■ EXERCISE ■
Below, locate the line that contains "More Photos Of". Repeat exactly from that line to the line that contains "14X24MM Emerald/Gold Foil", inclusive, leaving out the pictures.

■ THE INPUT ■
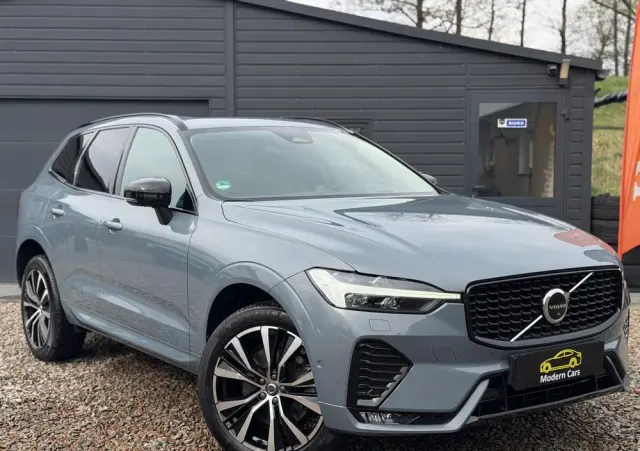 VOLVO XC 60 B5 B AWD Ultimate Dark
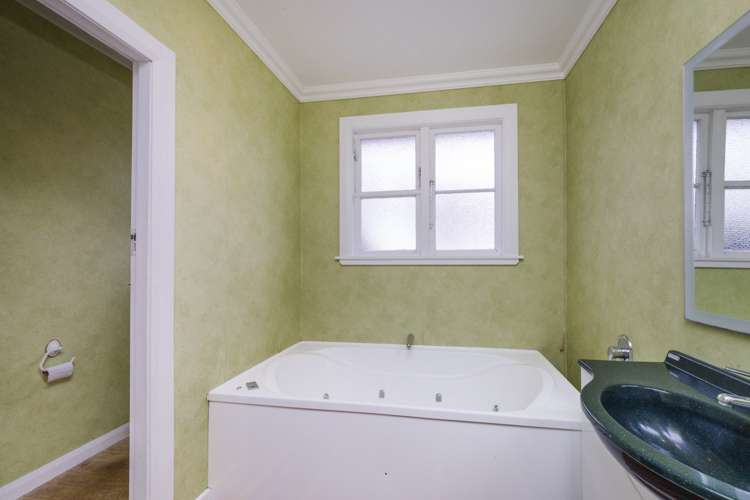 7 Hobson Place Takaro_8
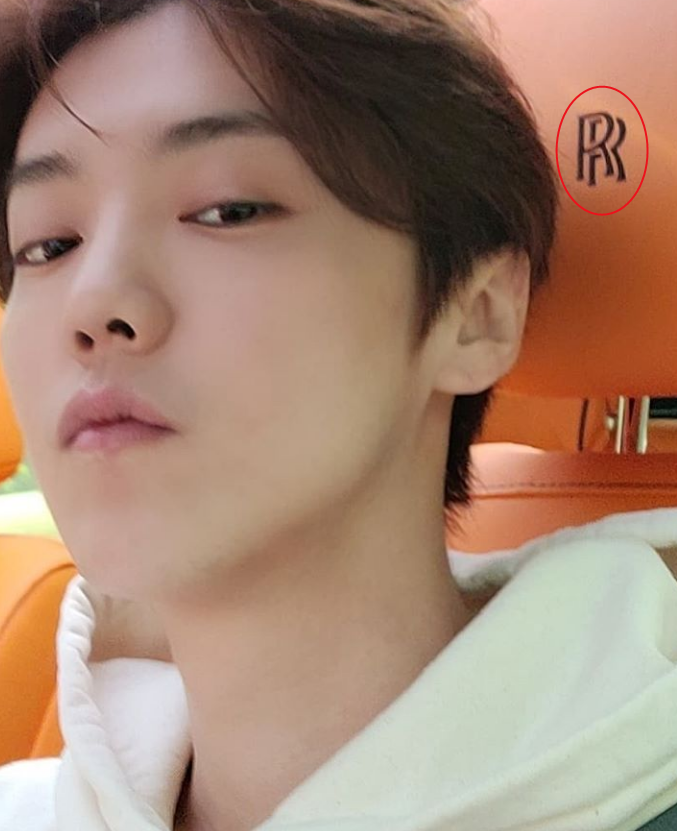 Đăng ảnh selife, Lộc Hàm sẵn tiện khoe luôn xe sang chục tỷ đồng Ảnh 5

* * *

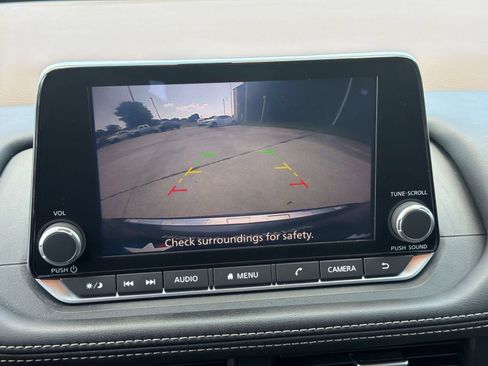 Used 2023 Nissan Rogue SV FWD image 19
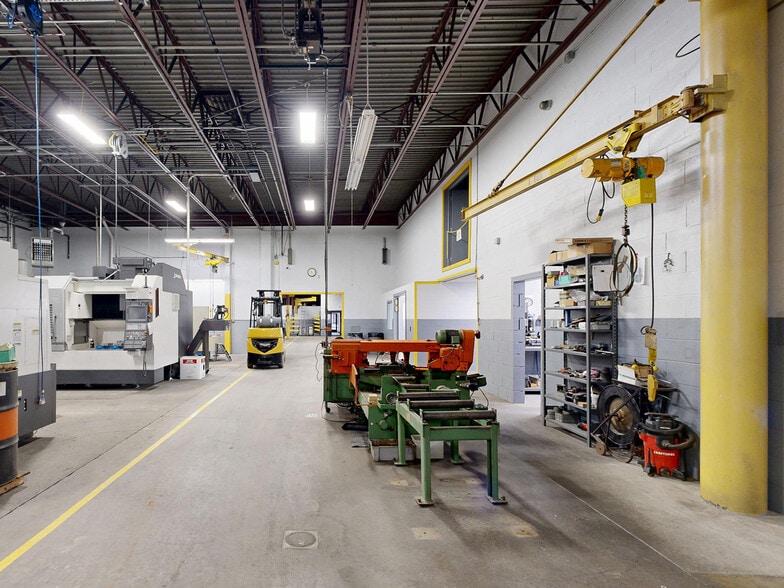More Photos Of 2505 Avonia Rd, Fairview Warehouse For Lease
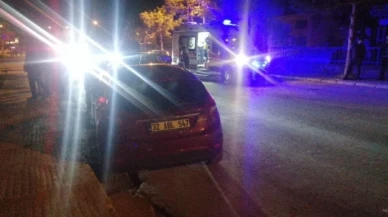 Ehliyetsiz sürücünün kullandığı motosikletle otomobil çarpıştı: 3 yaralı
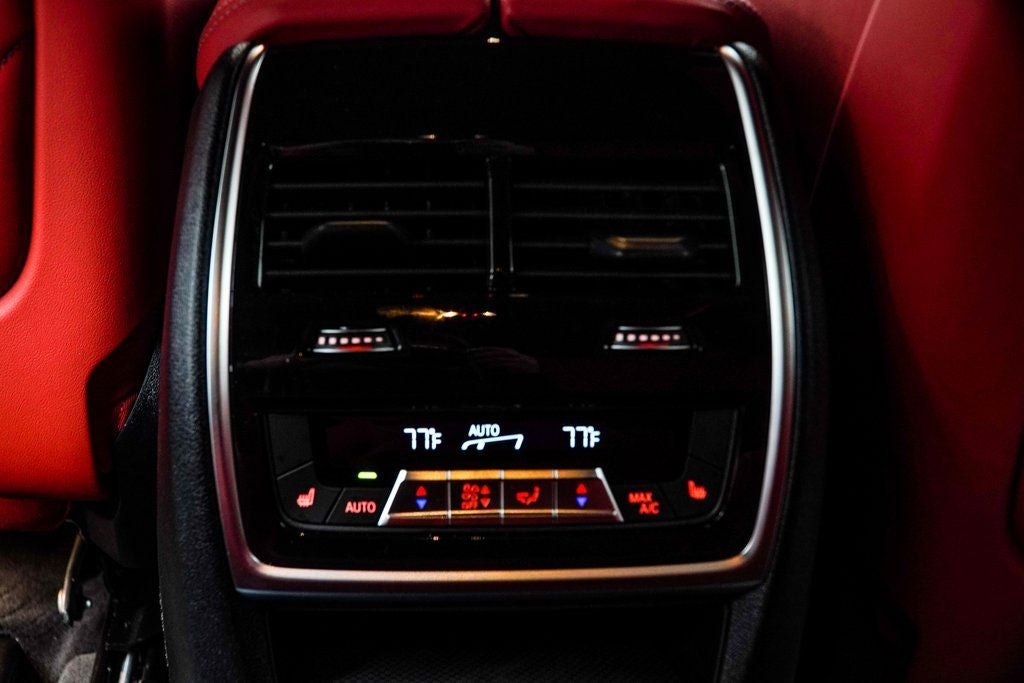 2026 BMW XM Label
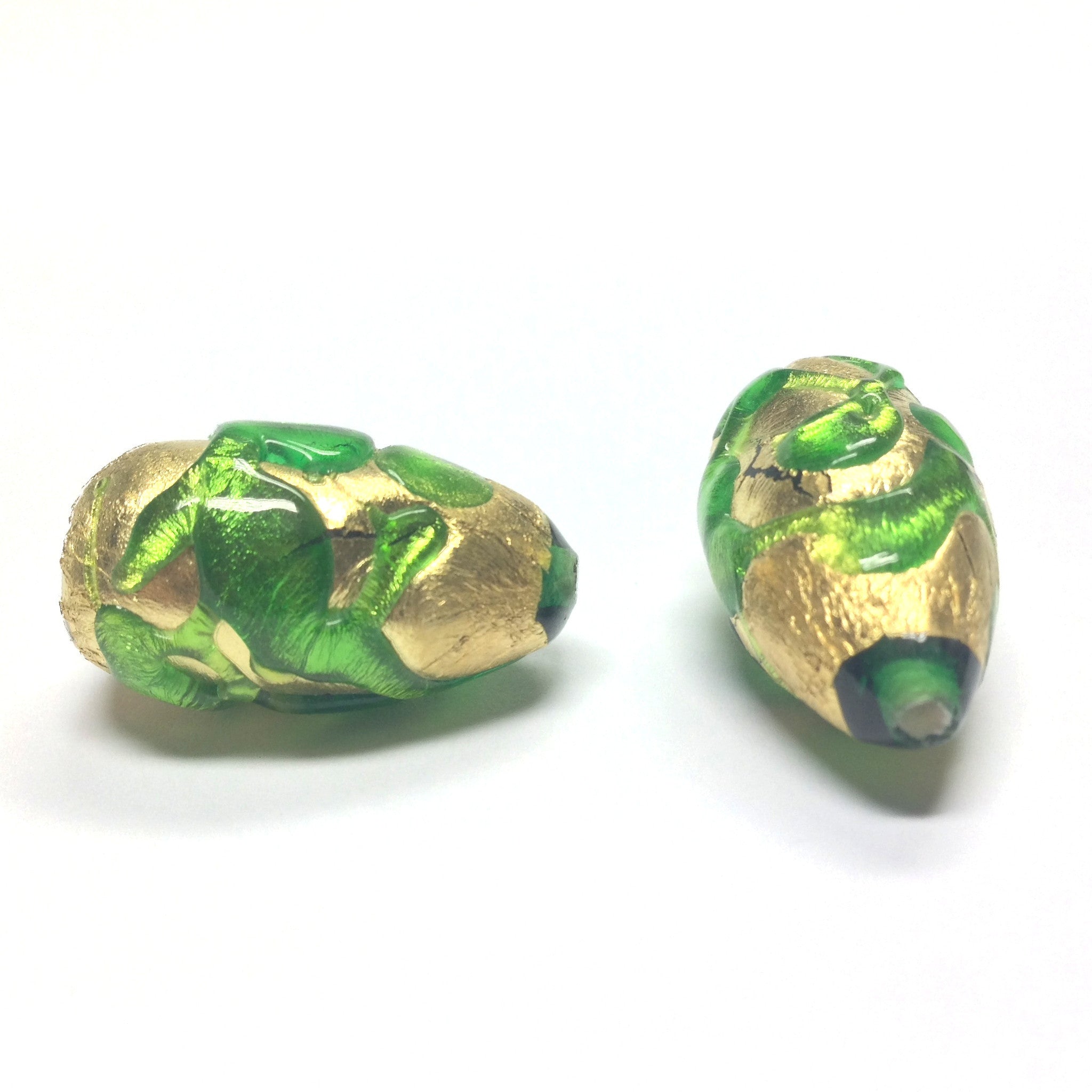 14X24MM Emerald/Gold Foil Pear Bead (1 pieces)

--

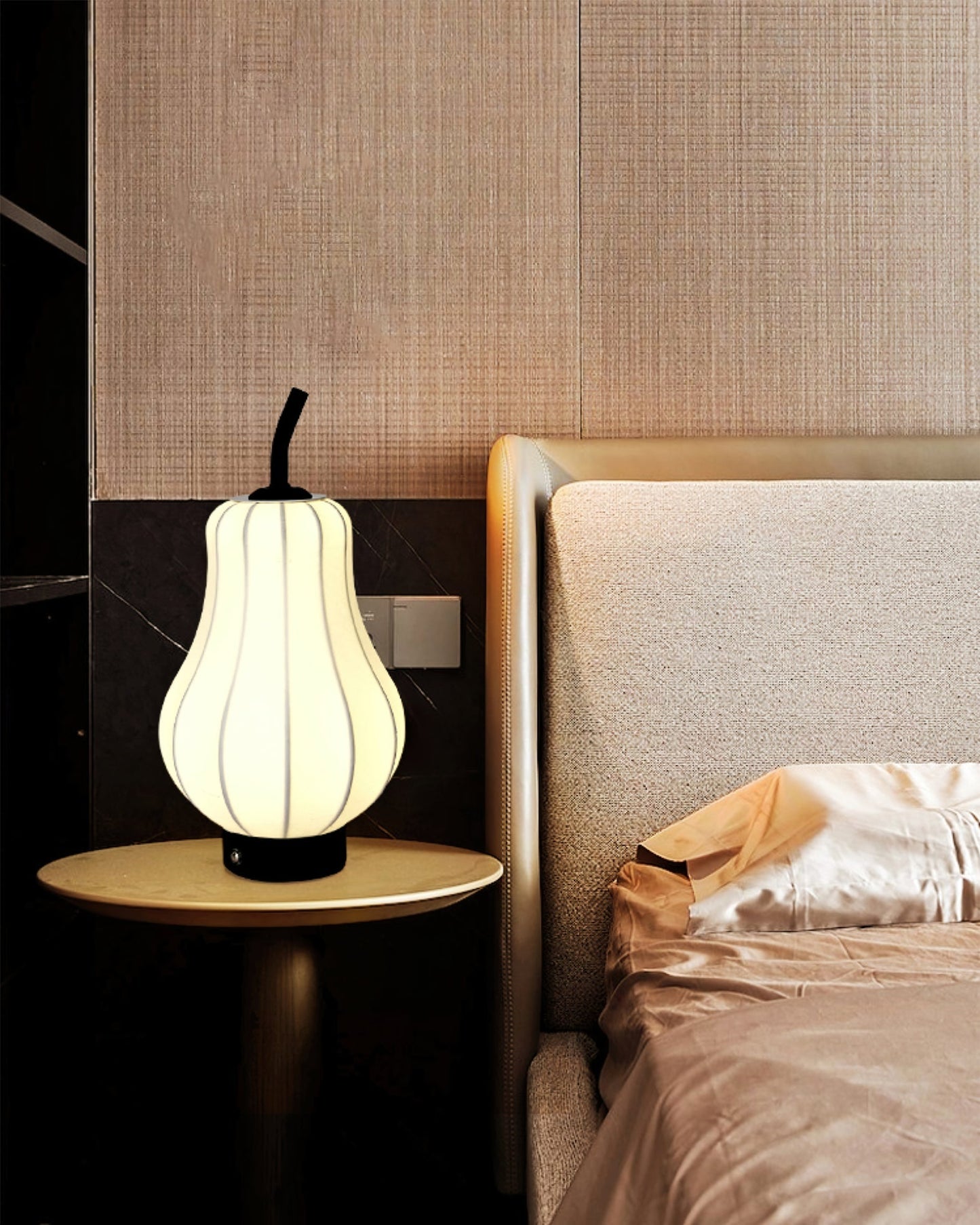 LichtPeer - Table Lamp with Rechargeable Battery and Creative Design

■ EXPECTED ANSWER ■
More Photos Of 2505 Avonia Rd, Fairview Warehouse For Lease
 Ehliyetsiz sürücünün kullandığı motosikletle otomobil çarpıştı: 3 yaralı
 2026 BMW XM Label
 14X24MM Emerald/Gold Foil Pear Bead (1 pieces)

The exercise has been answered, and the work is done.